From: David Rowley <david(dot)rowley(at)2ndquadrant(dot)com>
To: Andres Freund <andres(at)anarazel(dot)de>
Cc: PostgreSQL Hackers <pgsql-hackers(at)lists(dot)postgresql(dot)org>, Simon Riggs <simon(at)2ndquadrant(dot)com>
Subject: Re: ATTACH/DETACH PARTITION CONCURRENTLY
Date: 2018-08-09 13:55:58
Message-ID: CAKJS1f9Kw-_Km_+2Bub3cHTXoLt=timDmWwrRT6_MOU4Xm519w@mail.gmail.com
Views: Raw Message | Whole Thread | Download mbox | Resend email
Thread:
Lists: pgsql-hackers

On 8 August 2018 at 01:29, Andres Freund <andres(at)anarazel(dot)de> wrote:
> On 2018-08-08 01:23:51 +1200, David Rowley wrote:
>> I'm not proposing that sessions running older snapshots can't see that
>> there's a new partition.

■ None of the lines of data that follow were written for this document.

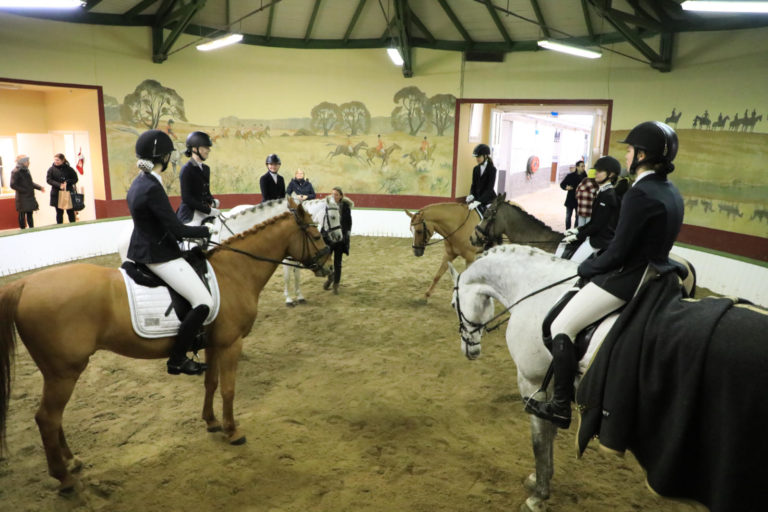 Ryttere fra Gentofte Rideklub ved Rotunden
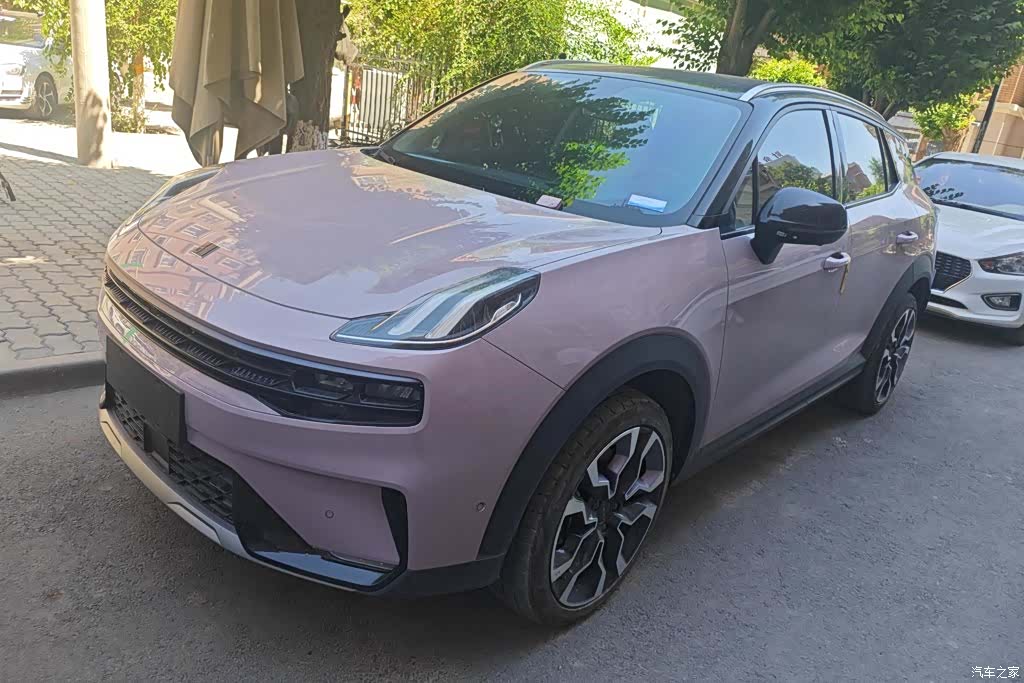 Lynk & Co 02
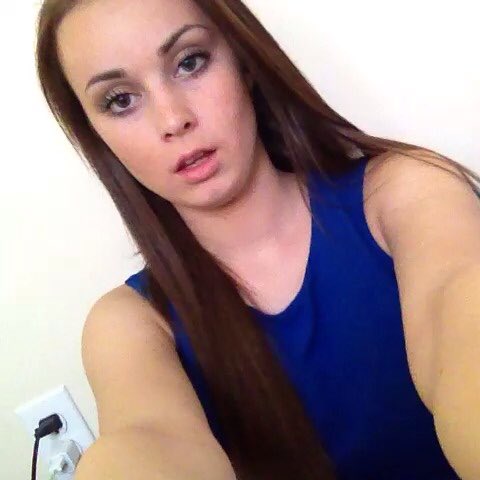 Heyyy im logan fabbro im a dancer at the next step im bisexual  my fav color is black RT for me❤️👯💕💖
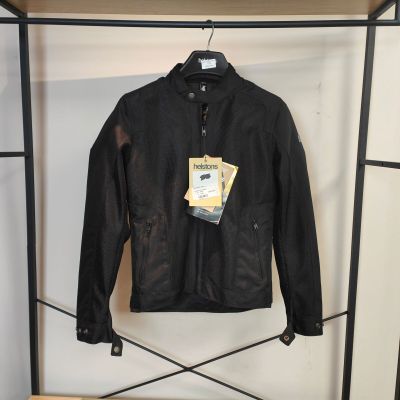 une veste en cuir noir suspendue à un portant dans un magasin de vêtements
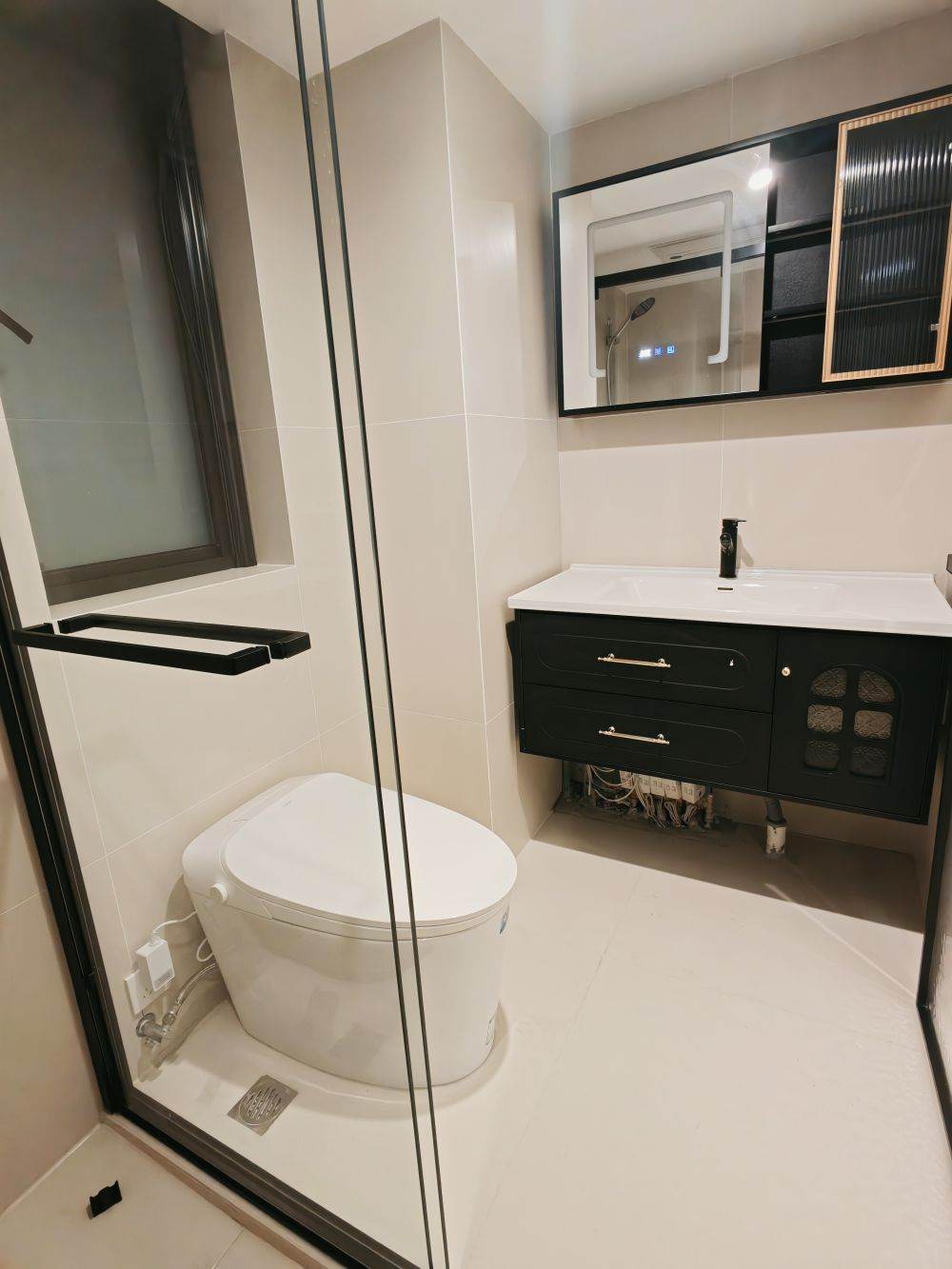 Housing image — Bathroom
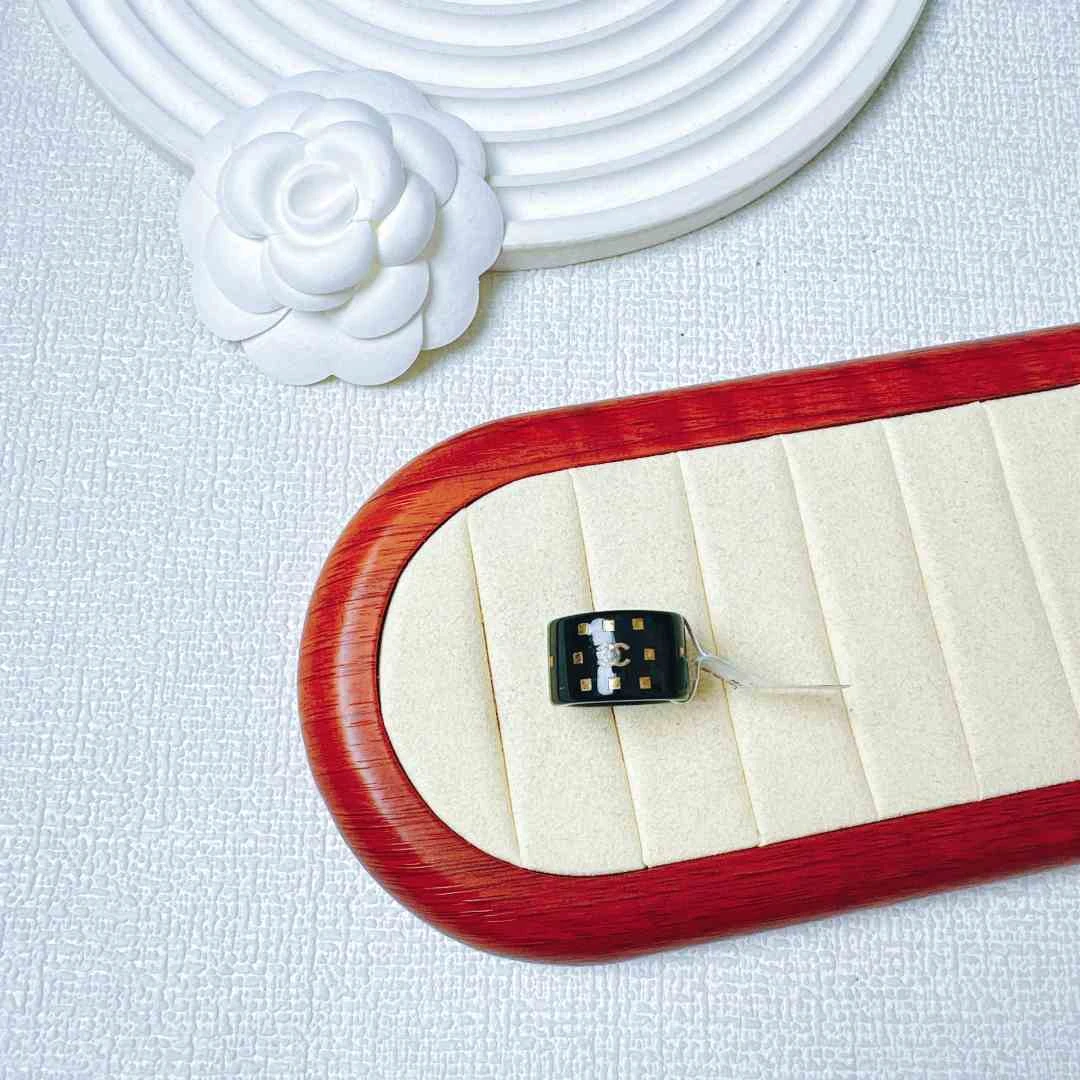 95新 Chanel/香奈儿 柚礼中古/香奈儿黑色亚克力戒指CG405222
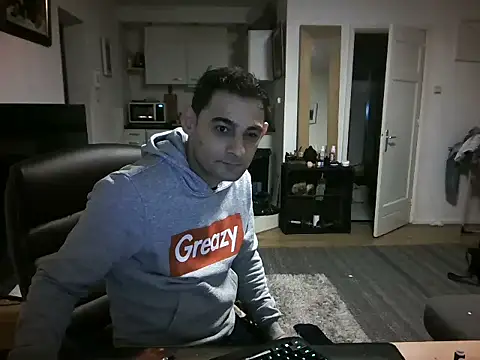mihaimichael online show from February 2025 09:52:02 PM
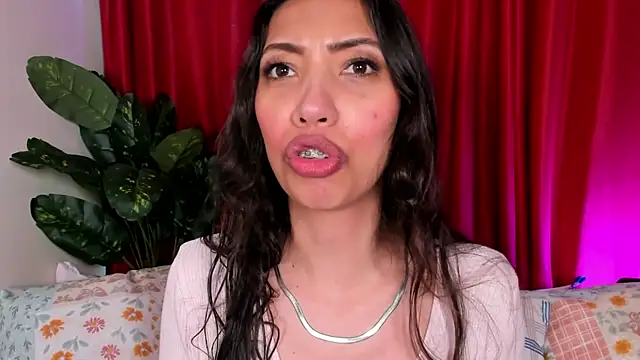 Miss veronicaa2 online show from December 18, 1:06 pm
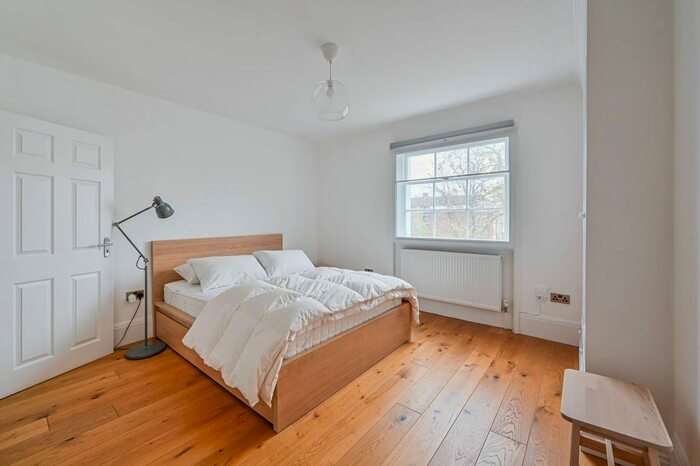 2 Bedroom Flat To Rent In Brixton Road, Brixton, London, SW9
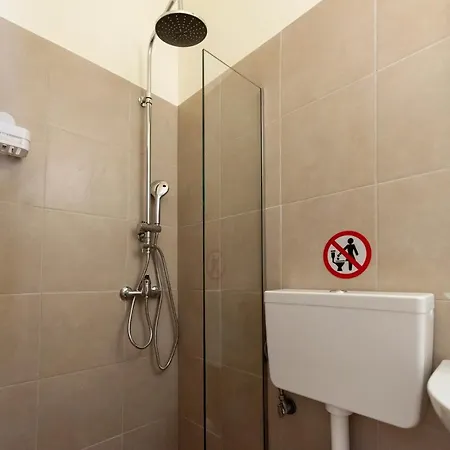 Pure Urban Bedboxes Acropolis Metro Petralona Apartment *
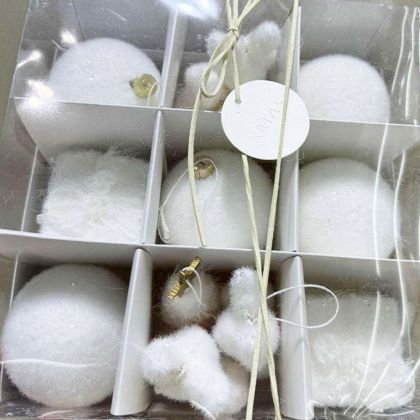 ДЪРВЕН ТВ ШКАФ В БЯЛО RIVIERA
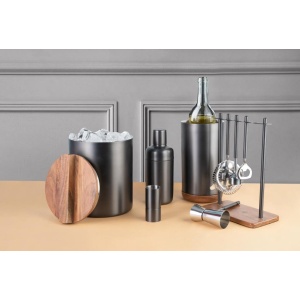 This is an image by The empty space that deals in premium home décor items available online. This is an image of the premium kitchenware available at the ecommerce store for the complete barware set without tray.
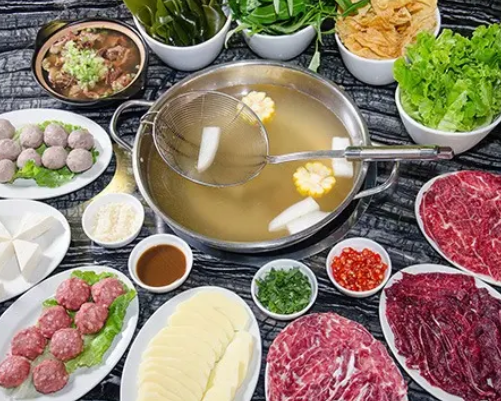 开个跷脚牛肉店一年利润能赚多少钱？开店3年赚钱经验真实经历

The code I have uses PartitionIsValid() to
>> test if the partition should be visible to the snapshot. The
>> PartitionDesc will always contain details for all partitions stored in
>> pg_partition whether they're valid to the current snapshot or not. I
>> did it this way as there's no way to invalidate the relcache based on
>> a point in transaction, only a point in time.
>
> I don't think that solves the problem that an arriving relcache
> invalidation would trigger a rebuild of rd_partdesc, while it actually
> is referenced by running code.
>
> You'd need to build infrastructure to prevent that.
>
> One approach would be to make sure that everything relying on
> rt_partdesc staying the same stores its value in a local variable, and
> then *not* free the old version of rt_partdesc (etc) when the refcount >
> 0, but delay that to the RelationClose() that makes refcount reach
> 0. That'd be the start of a framework for more such concurrenct
> handling.

I'm not so sure not freeing the partdesc until the refcount reaches 0
is safe. As you'd expect, we hold a lock on a partitioned table
between the planner and executor, but the relation has been closed and
the ref count returns to 0, which means when the relation is first
opened in the executor that the updated PartitionDesc is obtained. A
non-concurrent attach would have been blocked in this case due to the
lock being held by the planner. Instead of using refcount == 0,
perhaps we can release the original partdesc only when there are no
locks held by us on the relation.

It's late here now, so I'll look at that tomorrow.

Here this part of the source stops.